■ **The problem**:
Once the line holding "Хамилтън с най-добро" is found, output it and all remaining lines of the data exactly, with every picture left out.

■ **Data section**:
================
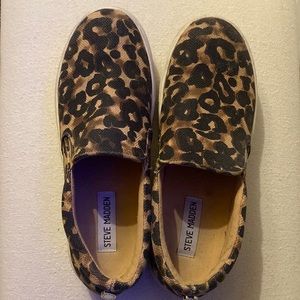 Steve Madden Leopard print slip on shoes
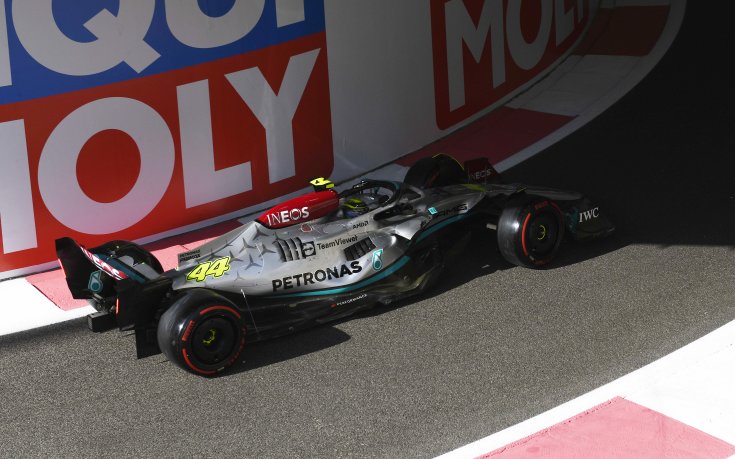 Хамилтън с най-добро време в първата тренировка на 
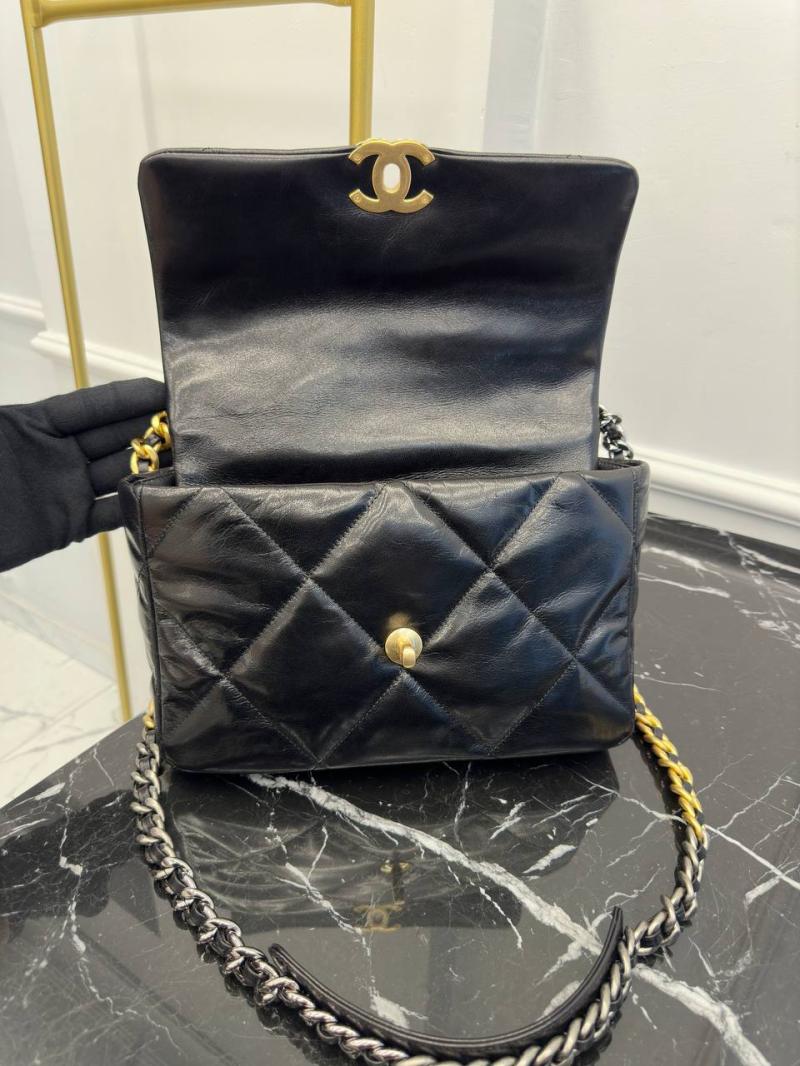 Chanel 19 Flap Bag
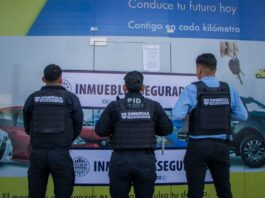 La Fiscalía de Querétaro realiza cateo por presunto fraude en financiera; Centro Sur, Querétaro.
================
■ **Solution**:
 Хамилтън с най-добро време в първата тренировка на 
 Chanel 19 Flap Bag
 La Fiscalía de Querétaro realiza cateo por presunto fraude en financiera; Centro Sur, Querétaro.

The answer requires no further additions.